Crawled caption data
···

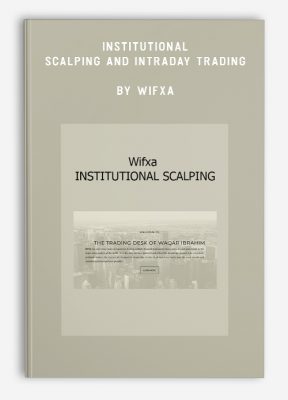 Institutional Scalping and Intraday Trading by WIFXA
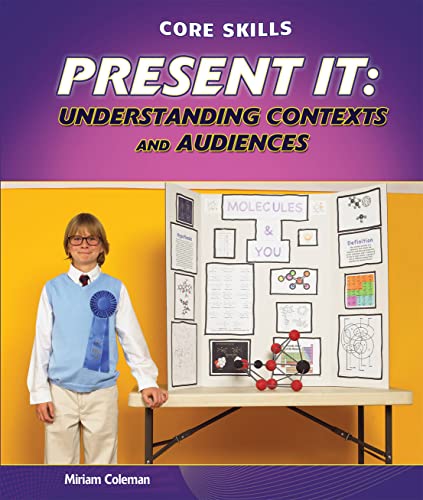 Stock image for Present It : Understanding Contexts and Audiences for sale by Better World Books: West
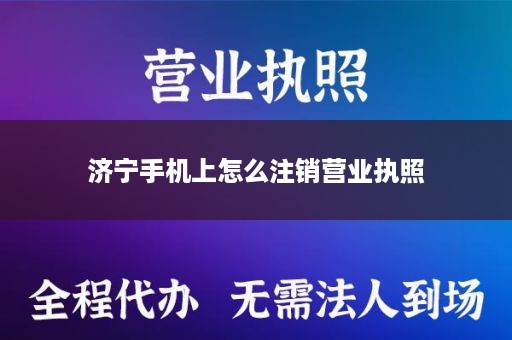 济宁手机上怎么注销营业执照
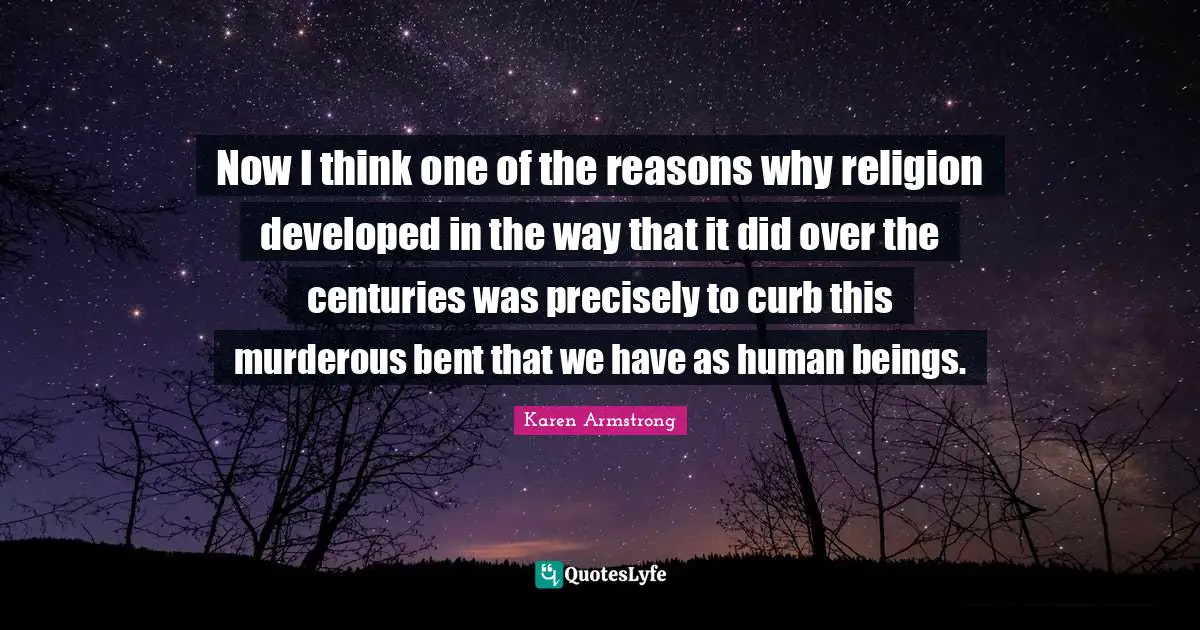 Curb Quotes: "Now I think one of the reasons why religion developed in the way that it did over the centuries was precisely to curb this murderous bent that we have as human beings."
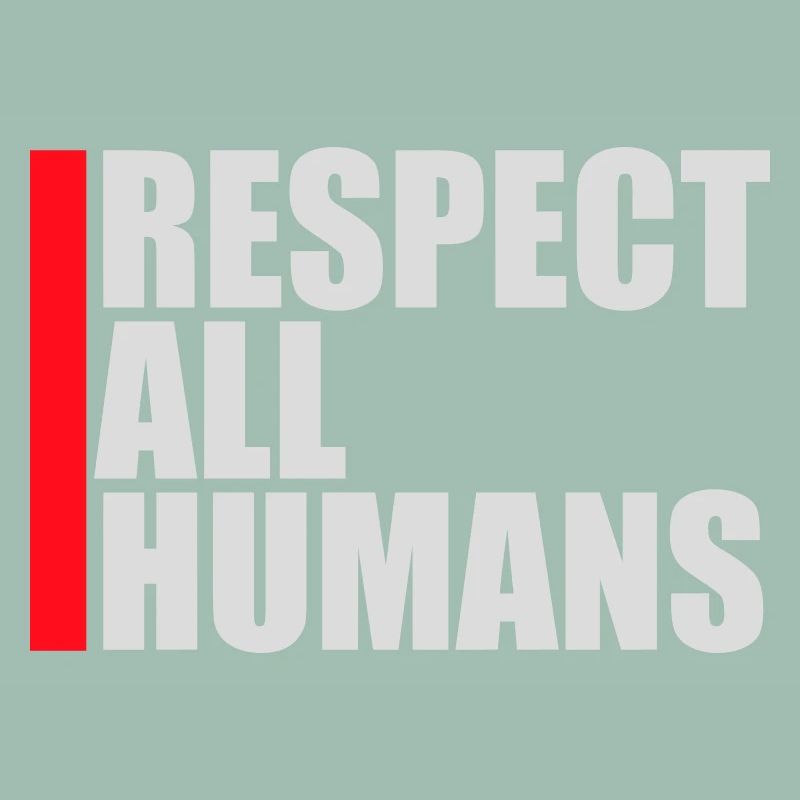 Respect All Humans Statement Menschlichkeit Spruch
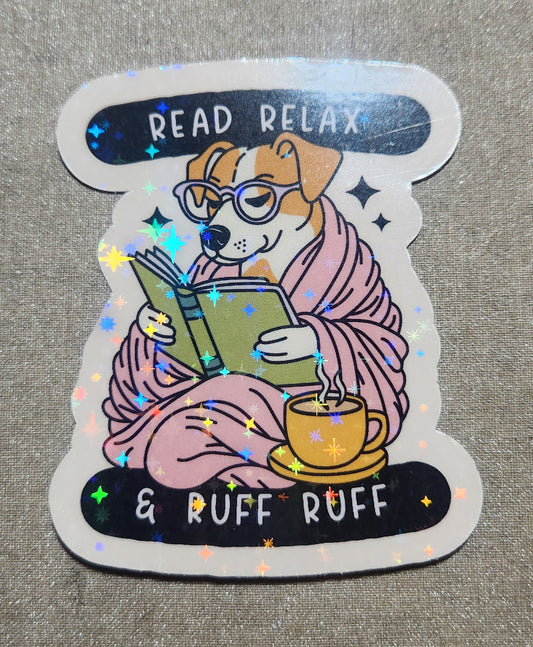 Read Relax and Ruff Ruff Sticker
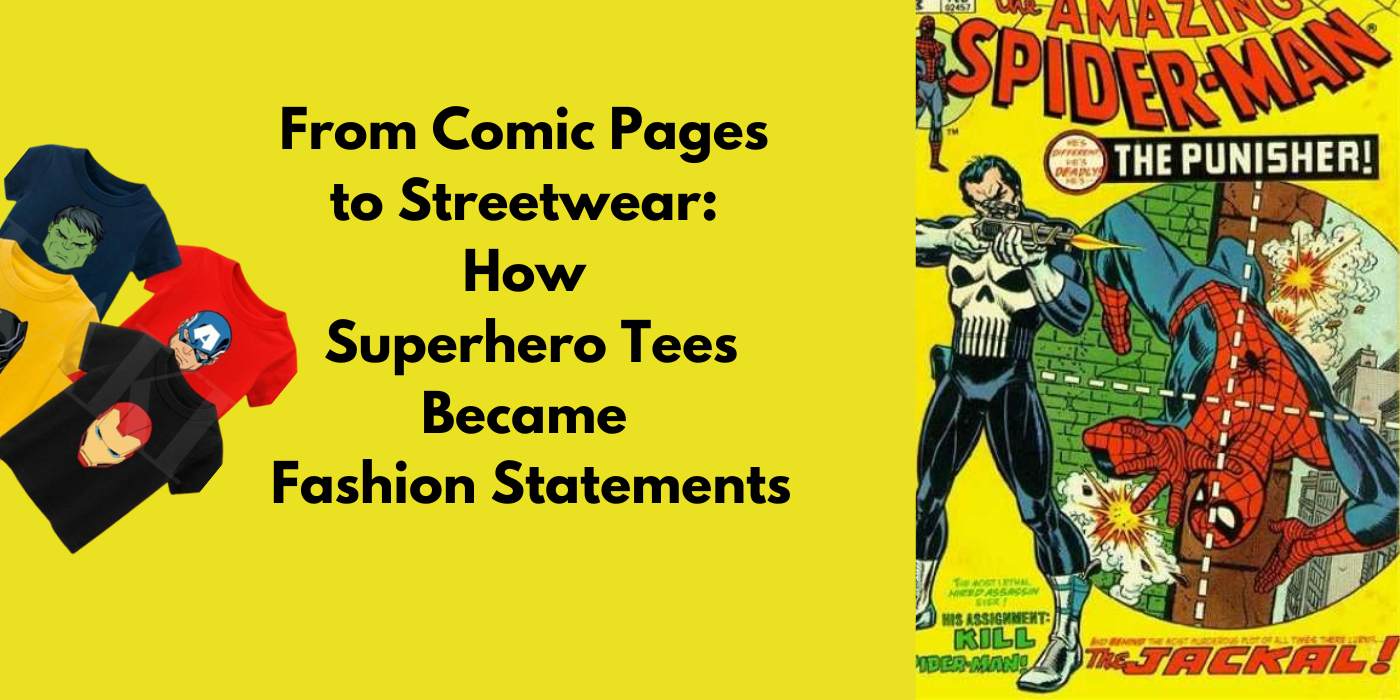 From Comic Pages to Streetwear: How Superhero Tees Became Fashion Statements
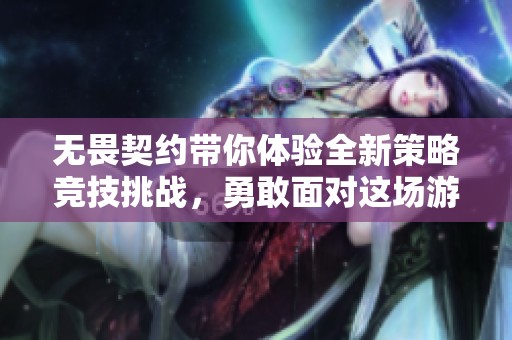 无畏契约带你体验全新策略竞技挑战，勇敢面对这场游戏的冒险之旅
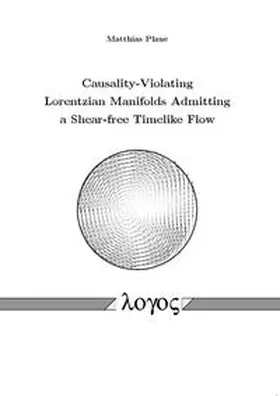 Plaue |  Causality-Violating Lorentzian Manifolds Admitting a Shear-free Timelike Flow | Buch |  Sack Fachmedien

···

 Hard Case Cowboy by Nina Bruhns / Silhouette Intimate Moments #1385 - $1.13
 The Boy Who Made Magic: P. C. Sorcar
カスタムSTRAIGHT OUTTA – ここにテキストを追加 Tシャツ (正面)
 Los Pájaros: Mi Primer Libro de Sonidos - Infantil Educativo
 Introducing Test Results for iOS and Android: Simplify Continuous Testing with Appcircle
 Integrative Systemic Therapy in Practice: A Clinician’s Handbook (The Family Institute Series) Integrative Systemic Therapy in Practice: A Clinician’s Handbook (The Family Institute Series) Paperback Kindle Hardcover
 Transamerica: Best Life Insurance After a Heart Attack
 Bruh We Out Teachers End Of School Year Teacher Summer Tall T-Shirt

···

• [How to complete this task]: Your copy should hold the lines from the one with "Institutional Scalping and" up to and including the one with "Causality-Violating Lorentzian Manifolds", exactly as in the data above, and no pictures.

• [Expected answer]:
 Institutional Scalping and Intraday Trading by WIFXA
 Stock image for Present It : Understanding Contexts and Audiences for sale by Better World Books: West
 济宁手机上怎么注销营业执照
 Curb Quotes: "Now I think one of the reasons why religion developed in the way that it did over the centuries was precisely to curb this murderous bent that we have as human beings."
 Respect All Humans Statement Menschlichkeit Spruch
 Read Relax and Ruff Ruff Sticker
 From Comic Pages to Streetwear: How Superhero Tees Became Fashion Statements
 无畏契约带你体验全新策略竞技挑战，勇敢面对这场游戏的冒险之旅
 Plaue |  Causality-Violating Lorentzian Manifolds Admitting a Shear-free Timelike Flow | Buch |  Sack Fachmedien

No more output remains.